Minister edukacji narodowej Barbara Nowacka przyjęła kontrowersyjne rozporządzenie w skandaliczny sposób, pomijając wymagane przez ustawę porozumienie z Kościołem katolickim i innymi zainteresowanymi związkami wyznaniowymi. To właśnie na fakt, że rozporządzenie przyjęto bez porozumienia, a w otwartym sporze z Kościołami i związkami wyznaniowymi, uwagę zwróciła I prezes SN prof. Małgorzata Manowska, kierując wniosek do sądu konstytucyjnego.
Dziś TK stwierdził, że rozporządzenie jest całkowicie niezgodne z ustawą zasadniczą.
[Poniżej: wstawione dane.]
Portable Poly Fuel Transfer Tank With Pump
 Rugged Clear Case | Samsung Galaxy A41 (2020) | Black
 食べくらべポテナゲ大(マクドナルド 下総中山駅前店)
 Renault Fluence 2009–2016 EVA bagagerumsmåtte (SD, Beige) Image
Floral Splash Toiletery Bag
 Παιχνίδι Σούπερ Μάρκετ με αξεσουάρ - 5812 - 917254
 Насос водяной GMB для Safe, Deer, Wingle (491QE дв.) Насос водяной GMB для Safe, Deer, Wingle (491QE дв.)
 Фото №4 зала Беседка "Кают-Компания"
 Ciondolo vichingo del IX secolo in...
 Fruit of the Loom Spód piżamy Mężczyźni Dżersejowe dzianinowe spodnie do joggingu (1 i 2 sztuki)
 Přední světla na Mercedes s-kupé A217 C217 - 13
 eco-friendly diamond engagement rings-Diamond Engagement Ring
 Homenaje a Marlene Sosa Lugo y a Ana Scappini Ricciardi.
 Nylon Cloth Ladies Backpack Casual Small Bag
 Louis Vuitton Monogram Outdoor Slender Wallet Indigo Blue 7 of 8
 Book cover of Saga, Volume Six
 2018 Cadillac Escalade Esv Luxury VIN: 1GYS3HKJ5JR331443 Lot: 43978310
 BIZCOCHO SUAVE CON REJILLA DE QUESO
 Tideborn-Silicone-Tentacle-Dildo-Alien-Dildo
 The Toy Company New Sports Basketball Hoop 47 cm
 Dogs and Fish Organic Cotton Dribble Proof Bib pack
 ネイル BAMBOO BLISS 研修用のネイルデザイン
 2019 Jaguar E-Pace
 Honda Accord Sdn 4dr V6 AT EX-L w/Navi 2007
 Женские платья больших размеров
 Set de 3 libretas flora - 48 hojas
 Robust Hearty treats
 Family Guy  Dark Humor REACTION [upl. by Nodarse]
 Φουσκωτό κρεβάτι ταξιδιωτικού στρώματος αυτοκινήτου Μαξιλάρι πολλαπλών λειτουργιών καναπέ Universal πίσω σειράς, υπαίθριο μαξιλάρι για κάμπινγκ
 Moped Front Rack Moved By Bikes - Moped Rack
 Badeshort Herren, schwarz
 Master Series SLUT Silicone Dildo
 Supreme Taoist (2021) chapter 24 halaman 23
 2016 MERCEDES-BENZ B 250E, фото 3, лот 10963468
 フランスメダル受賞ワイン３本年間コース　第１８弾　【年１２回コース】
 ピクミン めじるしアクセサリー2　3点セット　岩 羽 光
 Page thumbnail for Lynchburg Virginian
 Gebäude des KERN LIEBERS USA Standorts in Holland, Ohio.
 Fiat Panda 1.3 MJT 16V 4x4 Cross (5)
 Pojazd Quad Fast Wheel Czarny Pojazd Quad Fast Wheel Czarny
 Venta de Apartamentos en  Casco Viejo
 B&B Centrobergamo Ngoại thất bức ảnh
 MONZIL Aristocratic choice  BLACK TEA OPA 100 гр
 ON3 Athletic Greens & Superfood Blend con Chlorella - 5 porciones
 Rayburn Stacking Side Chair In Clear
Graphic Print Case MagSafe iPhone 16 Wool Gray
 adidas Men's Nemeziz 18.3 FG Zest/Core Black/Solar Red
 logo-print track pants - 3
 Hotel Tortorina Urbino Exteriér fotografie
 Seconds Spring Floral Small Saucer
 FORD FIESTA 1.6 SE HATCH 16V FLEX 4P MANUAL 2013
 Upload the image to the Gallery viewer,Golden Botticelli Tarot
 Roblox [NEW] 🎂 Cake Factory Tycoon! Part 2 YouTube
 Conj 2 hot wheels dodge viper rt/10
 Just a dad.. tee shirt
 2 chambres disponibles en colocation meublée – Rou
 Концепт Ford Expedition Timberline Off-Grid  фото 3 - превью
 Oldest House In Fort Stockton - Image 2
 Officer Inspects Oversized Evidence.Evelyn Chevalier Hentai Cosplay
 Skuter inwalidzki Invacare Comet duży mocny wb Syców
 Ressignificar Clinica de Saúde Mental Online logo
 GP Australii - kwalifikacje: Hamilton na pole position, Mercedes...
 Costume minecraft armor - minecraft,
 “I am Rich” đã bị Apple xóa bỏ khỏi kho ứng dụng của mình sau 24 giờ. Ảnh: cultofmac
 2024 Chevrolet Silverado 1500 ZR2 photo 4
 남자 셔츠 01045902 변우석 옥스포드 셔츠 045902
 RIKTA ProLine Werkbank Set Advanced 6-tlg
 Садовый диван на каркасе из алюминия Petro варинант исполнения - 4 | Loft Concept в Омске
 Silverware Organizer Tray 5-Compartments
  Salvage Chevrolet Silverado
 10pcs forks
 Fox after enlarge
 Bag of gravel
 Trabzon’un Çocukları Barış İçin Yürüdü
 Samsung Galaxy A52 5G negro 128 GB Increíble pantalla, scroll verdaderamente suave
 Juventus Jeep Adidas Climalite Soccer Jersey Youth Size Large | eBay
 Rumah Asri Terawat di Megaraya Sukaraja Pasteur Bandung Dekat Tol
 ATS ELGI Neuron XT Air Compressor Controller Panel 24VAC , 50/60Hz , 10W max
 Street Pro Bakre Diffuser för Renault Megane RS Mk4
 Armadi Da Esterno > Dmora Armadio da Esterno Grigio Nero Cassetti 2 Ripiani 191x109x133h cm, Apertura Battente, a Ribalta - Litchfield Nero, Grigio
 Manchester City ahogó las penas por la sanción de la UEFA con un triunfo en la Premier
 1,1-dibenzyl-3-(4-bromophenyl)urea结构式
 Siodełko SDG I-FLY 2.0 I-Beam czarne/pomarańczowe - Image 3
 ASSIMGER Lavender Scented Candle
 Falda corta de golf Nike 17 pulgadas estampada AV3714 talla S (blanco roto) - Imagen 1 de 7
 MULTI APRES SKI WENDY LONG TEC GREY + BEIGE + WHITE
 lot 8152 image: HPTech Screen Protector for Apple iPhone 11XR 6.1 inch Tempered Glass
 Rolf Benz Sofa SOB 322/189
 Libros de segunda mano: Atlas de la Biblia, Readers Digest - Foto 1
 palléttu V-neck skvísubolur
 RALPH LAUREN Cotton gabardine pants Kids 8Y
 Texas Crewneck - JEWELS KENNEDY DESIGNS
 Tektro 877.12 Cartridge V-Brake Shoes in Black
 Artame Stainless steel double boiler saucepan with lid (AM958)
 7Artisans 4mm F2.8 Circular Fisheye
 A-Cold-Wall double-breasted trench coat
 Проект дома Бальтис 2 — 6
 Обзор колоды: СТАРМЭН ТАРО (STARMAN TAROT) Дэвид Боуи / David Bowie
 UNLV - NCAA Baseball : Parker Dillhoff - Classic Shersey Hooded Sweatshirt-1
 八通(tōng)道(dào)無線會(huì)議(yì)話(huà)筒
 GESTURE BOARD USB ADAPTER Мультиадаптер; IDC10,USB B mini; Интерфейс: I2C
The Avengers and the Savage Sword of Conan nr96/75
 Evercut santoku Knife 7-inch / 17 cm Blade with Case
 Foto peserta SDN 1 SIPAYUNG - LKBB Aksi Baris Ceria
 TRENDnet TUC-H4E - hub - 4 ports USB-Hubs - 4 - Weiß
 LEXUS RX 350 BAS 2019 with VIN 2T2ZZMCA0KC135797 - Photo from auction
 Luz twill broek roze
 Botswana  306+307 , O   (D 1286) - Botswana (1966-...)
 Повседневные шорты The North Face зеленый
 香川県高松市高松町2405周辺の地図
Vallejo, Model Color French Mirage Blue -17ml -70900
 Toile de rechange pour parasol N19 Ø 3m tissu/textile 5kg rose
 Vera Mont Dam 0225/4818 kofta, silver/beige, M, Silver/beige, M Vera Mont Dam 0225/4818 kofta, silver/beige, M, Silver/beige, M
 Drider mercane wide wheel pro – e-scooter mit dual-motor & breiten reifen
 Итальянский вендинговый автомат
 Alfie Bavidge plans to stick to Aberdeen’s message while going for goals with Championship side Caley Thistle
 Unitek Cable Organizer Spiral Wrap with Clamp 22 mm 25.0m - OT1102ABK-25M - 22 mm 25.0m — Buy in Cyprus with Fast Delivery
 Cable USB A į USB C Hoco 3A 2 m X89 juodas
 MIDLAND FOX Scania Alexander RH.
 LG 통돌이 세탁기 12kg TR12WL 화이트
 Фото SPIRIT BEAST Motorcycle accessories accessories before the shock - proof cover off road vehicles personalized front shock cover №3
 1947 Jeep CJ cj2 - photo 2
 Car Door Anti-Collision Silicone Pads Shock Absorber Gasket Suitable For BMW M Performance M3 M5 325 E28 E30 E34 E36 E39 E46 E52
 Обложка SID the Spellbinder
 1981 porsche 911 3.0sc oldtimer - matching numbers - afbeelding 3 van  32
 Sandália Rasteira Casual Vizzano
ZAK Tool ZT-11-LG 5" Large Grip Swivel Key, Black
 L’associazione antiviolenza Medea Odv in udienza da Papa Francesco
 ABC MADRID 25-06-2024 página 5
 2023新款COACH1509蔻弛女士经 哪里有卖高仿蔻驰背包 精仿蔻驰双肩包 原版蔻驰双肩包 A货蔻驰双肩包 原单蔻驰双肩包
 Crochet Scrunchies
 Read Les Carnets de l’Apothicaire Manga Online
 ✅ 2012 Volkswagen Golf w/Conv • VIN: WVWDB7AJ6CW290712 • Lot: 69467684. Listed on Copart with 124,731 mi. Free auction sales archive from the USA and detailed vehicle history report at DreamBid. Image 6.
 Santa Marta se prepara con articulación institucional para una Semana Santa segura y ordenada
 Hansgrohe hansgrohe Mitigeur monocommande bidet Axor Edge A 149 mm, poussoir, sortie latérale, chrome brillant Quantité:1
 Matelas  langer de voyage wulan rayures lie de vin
- „Trybunał Konstytucyjny uznał, że rozporządzenie jest w całości niezgodne z konstytucją, wskutek niezachowania właściwego trybu wydania rozporządzenia, tj. braku działania w porozumieniu. (…) Skutkiem niniejszego wyroku TK w omawianej sprawie jest zachowanie dotychczasowego brzmienia rozporządzenia MEN z w brzmieniu uwzględniającym stan prawny zgodny z wyrokiem”
- wyjaśniła sędzia sprawozdawca prof. Krystyna Pawłowicz.